Gorsuch dove right into his answer by reference to a recent Supreme Court case, U.S. v. Jones, which dealt with whether it violated the Fourth Amendment for law enforcement to attach a GPS device to a suspect’s car without getting a warrant.
While he seemed to relish giving his answer to Hatch, Gorsuch seemed far less enthusiastic about answering Senator Patrick Leahy’s questions about the original understanding of the First Amendment as it relates to campaign contributions by corporations.
Similarly, Gorsuch tried his best not to answer Leahy’s later question about the Roberts Court ruling that gutted a key provision of the Voting Rights Act, Shelby County v. Holder.

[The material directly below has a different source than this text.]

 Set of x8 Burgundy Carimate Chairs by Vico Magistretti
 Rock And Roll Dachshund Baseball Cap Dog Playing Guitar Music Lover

Why the difference? Gorsuch’s answer on how the original understanding of the Fourth Amendment as a robust protection against warrantless police searches and seizures applied to advanced technology in the Jones case was well thought out and indicative of his judicial approach to important constitutional questions. He apparently did not find it inappropriate to answer such a question about the meaning of the Constitution in the context of a Supreme Court ruling about an 18th Century constitutional provision.
If Gorsuch is a true originalist, committed to following the text and history of the entire Constitution, he should discuss other provisions of the Constitution and Supreme Court precedents in a similar fashion, and respond more fully to Senators who want to know, for example, his understanding and commitment to the constitutional principles of equality for all persons and protection against discrimination against people of color, women, and LGBTQ persons in America.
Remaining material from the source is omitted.